* _WHAT YOU HAVE TO DO_: With the images removed, write out every line below exactly.

* _GIVEN MATERIAL_:
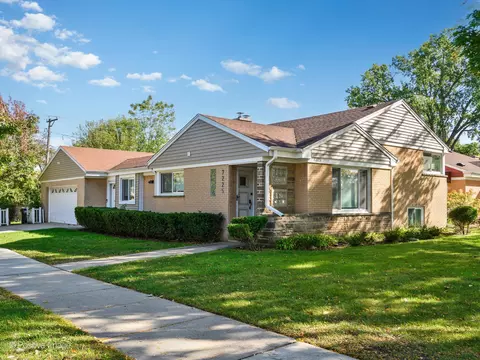 7225 N East Prairie Rd, Lincolnwood, IL 60712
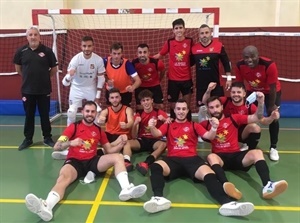 Los jugadores nucieros celebrando la victoria ante el Akrasala Alicante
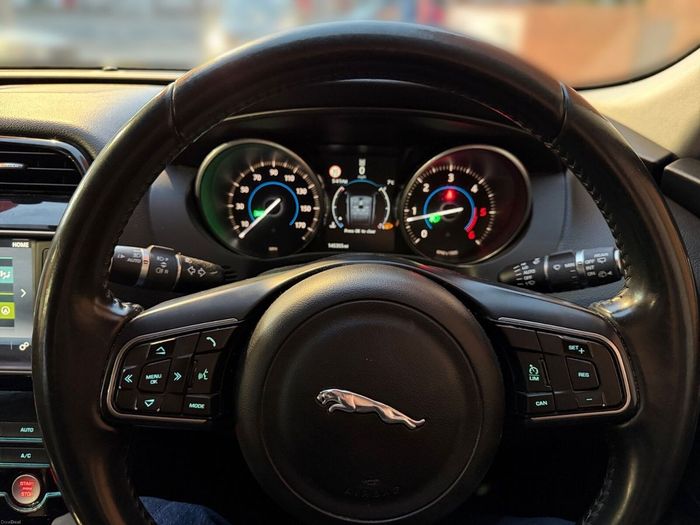 Jaguar F- PACE 2016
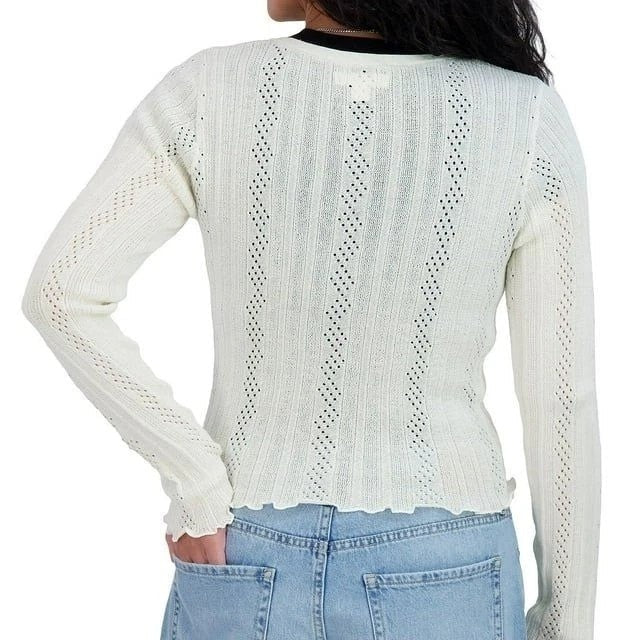 Aeropostale cropped scalloped sweatshirt with long sleeves and ribbed hem, featuring scalloped edges and casual style.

* _SOLUTION TO THIS TASK_:
 7225 N East Prairie Rd, Lincolnwood, IL 60712
 Los jugadores nucieros celebrando la victoria ante el Akrasala Alicante
 Jaguar F- PACE 2016
 Aeropostale cropped scalloped sweatshirt with long sleeves and ribbed hem, featuring scalloped edges and casual style.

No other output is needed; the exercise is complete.